--- Input data Enclosed Below ---

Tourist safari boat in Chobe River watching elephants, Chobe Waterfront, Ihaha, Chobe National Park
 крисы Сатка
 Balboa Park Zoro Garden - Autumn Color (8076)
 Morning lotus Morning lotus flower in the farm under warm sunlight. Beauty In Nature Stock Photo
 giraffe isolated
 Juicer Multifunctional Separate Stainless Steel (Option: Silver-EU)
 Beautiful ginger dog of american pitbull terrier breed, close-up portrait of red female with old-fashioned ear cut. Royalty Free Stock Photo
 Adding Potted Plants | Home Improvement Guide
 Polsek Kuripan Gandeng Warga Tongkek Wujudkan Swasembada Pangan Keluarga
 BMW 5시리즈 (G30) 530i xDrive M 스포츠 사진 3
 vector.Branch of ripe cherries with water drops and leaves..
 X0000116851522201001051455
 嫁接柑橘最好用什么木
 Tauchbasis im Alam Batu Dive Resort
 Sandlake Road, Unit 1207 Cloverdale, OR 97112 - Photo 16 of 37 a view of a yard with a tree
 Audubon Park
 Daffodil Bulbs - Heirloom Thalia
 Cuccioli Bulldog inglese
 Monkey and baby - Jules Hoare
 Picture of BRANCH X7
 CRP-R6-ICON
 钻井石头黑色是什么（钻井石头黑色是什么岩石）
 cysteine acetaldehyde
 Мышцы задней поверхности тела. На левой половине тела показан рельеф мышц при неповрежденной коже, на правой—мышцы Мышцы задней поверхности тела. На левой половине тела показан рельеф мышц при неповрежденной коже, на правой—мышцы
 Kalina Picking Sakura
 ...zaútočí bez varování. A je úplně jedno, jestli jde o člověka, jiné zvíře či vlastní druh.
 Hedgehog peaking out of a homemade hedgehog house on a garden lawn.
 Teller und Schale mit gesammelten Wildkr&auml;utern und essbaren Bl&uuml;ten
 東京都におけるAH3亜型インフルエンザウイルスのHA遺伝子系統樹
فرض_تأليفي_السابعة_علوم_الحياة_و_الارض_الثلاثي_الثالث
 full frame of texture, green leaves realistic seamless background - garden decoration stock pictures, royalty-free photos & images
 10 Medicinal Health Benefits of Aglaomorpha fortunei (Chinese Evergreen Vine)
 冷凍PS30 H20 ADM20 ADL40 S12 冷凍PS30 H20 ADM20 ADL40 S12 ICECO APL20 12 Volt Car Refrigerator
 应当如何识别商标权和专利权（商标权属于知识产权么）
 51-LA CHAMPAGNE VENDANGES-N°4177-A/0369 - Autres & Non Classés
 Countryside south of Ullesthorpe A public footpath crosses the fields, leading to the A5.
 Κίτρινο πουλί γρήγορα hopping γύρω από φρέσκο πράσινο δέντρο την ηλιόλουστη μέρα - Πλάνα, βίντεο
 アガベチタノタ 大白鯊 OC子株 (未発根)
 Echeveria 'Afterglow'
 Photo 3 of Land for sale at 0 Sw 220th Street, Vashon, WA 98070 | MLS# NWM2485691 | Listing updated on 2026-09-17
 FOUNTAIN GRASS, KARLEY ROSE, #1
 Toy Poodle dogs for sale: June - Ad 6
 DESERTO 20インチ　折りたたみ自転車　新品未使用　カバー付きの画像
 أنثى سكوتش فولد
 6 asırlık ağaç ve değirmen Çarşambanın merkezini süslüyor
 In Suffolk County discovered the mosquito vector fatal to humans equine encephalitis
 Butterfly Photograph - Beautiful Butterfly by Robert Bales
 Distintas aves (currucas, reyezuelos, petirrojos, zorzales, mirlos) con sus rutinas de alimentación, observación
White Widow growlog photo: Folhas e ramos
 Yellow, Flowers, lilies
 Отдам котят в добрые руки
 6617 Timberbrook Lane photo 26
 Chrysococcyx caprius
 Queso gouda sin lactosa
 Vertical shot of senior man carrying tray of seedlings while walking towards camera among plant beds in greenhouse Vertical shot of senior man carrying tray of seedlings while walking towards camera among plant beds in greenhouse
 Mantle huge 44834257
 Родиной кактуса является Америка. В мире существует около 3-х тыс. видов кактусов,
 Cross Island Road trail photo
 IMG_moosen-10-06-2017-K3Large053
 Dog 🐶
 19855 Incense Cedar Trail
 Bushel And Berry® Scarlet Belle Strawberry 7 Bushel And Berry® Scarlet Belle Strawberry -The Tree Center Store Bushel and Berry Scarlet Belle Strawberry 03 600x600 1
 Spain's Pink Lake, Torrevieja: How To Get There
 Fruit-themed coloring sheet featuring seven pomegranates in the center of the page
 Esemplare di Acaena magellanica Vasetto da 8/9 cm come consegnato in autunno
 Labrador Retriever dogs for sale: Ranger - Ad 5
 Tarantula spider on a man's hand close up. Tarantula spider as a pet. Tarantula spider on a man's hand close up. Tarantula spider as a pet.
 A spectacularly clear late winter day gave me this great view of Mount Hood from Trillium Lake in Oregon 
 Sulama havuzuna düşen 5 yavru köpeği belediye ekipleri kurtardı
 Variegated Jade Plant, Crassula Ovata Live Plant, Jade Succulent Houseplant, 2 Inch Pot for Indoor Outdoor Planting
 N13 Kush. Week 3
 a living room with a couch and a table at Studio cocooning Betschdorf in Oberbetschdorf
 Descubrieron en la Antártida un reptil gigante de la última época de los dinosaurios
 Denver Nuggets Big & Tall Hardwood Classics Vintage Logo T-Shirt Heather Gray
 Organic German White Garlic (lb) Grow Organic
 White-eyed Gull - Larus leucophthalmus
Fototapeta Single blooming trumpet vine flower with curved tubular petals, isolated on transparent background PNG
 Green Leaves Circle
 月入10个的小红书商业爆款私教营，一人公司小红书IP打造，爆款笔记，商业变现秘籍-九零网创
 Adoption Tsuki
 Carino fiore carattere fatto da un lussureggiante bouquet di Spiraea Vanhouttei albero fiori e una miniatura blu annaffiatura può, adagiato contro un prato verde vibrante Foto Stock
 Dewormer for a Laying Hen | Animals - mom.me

--- End of Enclosed Input data ---

Your answer must be an exact transcription of all the data above.

--- Result of this task ---
Tourist safari boat in Chobe River watching elephants, Chobe Waterfront, Ihaha, Chobe National Park
 крисы Сатка
 Balboa Park Zoro Garden - Autumn Color (8076)
 Morning lotus Morning lotus flower in the farm under warm sunlight. Beauty In Nature Stock Photo
 giraffe isolated
 Juicer Multifunctional Separate Stainless Steel (Option: Silver-EU)
 Beautiful ginger dog of american pitbull terrier breed, close-up portrait of red female with old-fashioned ear cut. Royalty Free Stock Photo
 Adding Potted Plants | Home Improvement Guide
 Polsek Kuripan Gandeng Warga Tongkek Wujudkan Swasembada Pangan Keluarga
 BMW 5시리즈 (G30) 530i xDrive M 스포츠 사진 3
 vector.Branch of ripe cherries with water drops and leaves..
 X0000116851522201001051455
 嫁接柑橘最好用什么木
 Tauchbasis im Alam Batu Dive Resort
 Sandlake Road, Unit 1207 Cloverdale, OR 97112 - Photo 16 of 37 a view of a yard with a tree
 Audubon Park
 Daffodil Bulbs - Heirloom Thalia
 Cuccioli Bulldog inglese
 Monkey and baby - Jules Hoare
 Picture of BRANCH X7
 CRP-R6-ICON
 钻井石头黑色是什么（钻井石头黑色是什么岩石）
 cysteine acetaldehyde
 Мышцы задней поверхности тела. На левой половине тела показан рельеф мышц при неповрежденной коже, на правой—мышцы Мышцы задней поверхности тела. На левой половине тела показан рельеф мышц при неповрежденной коже, на правой—мышцы
 Kalina Picking Sakura
 ...zaútočí bez varování. A je úplně jedno, jestli jde o člověka, jiné zvíře či vlastní druh.
 Hedgehog peaking out of a homemade hedgehog house on a garden lawn.
 Teller und Schale mit gesammelten Wildkr&auml;utern und essbaren Bl&uuml;ten
 東京都におけるAH3亜型インフルエンザウイルスのHA遺伝子系統樹
فرض_تأليفي_السابعة_علوم_الحياة_و_الارض_الثلاثي_الثالث
 full frame of texture, green leaves realistic seamless background - garden decoration stock pictures, royalty-free photos & images
 10 Medicinal Health Benefits of Aglaomorpha fortunei (Chinese Evergreen Vine)
 冷凍PS30 H20 ADM20 ADL40 S12 冷凍PS30 H20 ADM20 ADL40 S12 ICECO APL20 12 Volt Car Refrigerator
 应当如何识别商标权和专利权（商标权属于知识产权么）
 51-LA CHAMPAGNE VENDANGES-N°4177-A/0369 - Autres & Non Classés
 Countryside south of Ullesthorpe A public footpath crosses the fields, leading to the A5.
 Κίτρινο πουλί γρήγορα hopping γύρω από φρέσκο πράσινο δέντρο την ηλιόλουστη μέρα - Πλάνα, βίντεο
 アガベチタノタ 大白鯊 OC子株 (未発根)
 Echeveria 'Afterglow'
 Photo 3 of Land for sale at 0 Sw 220th Street, Vashon, WA 98070 | MLS# NWM2485691 | Listing updated on 2026-09-17
 FOUNTAIN GRASS, KARLEY ROSE, #1
 Toy Poodle dogs for sale: June - Ad 6
 DESERTO 20インチ　折りたたみ自転車　新品未使用　カバー付きの画像
 أنثى سكوتش فولد
 6 asırlık ağaç ve değirmen Çarşambanın merkezini süslüyor
 In Suffolk County discovered the mosquito vector fatal to humans equine encephalitis
 Butterfly Photograph - Beautiful Butterfly by Robert Bales
 Distintas aves (currucas, reyezuelos, petirrojos, zorzales, mirlos) con sus rutinas de alimentación, observación
White Widow growlog photo: Folhas e ramos
 Yellow, Flowers, lilies
 Отдам котят в добрые руки
 6617 Timberbrook Lane photo 26
 Chrysococcyx caprius
 Queso gouda sin lactosa
 Vertical shot of senior man carrying tray of seedlings while walking towards camera among plant beds in greenhouse Vertical shot of senior man carrying tray of seedlings while walking towards camera among plant beds in greenhouse
 Mantle huge 44834257
 Родиной кактуса является Америка. В мире существует около 3-х тыс. видов кактусов,
 Cross Island Road trail photo
 IMG_moosen-10-06-2017-K3Large053
 Dog 🐶
 19855 Incense Cedar Trail
 Bushel And Berry® Scarlet Belle Strawberry 7 Bushel And Berry® Scarlet Belle Strawberry -The Tree Center Store Bushel and Berry Scarlet Belle Strawberry 03 600x600 1
 Spain's Pink Lake, Torrevieja: How To Get There
 Fruit-themed coloring sheet featuring seven pomegranates in the center of the page
 Esemplare di Acaena magellanica Vasetto da 8/9 cm come consegnato in autunno
 Labrador Retriever dogs for sale: Ranger - Ad 5
 Tarantula spider on a man's hand close up. Tarantula spider as a pet. Tarantula spider on a man's hand close up. Tarantula spider as a pet.
 A spectacularly clear late winter day gave me this great view of Mount Hood from Trillium Lake in Oregon 
 Sulama havuzuna düşen 5 yavru köpeği belediye ekipleri kurtardı
 Variegated Jade Plant, Crassula Ovata Live Plant, Jade Succulent Houseplant, 2 Inch Pot for Indoor Outdoor Planting
 N13 Kush. Week 3
 a living room with a couch and a table at Studio cocooning Betschdorf in Oberbetschdorf
 Descubrieron en la Antártida un reptil gigante de la última época de los dinosaurios
 Denver Nuggets Big & Tall Hardwood Classics Vintage Logo T-Shirt Heather Gray
 Organic German White Garlic (lb) Grow Organic
 White-eyed Gull - Larus leucophthalmus
Fototapeta Single blooming trumpet vine flower with curved tubular petals, isolated on transparent background PNG
 Green Leaves Circle
 月入10个的小红书商业爆款私教营，一人公司小红书IP打造，爆款笔记，商业变现秘籍-九零网创
 Adoption Tsuki
 Carino fiore carattere fatto da un lussureggiante bouquet di Spiraea Vanhouttei albero fiori e una miniatura blu annaffiatura può, adagiato contro un prato verde vibrante Foto Stock
 Dewormer for a Laying Hen | Animals - mom.me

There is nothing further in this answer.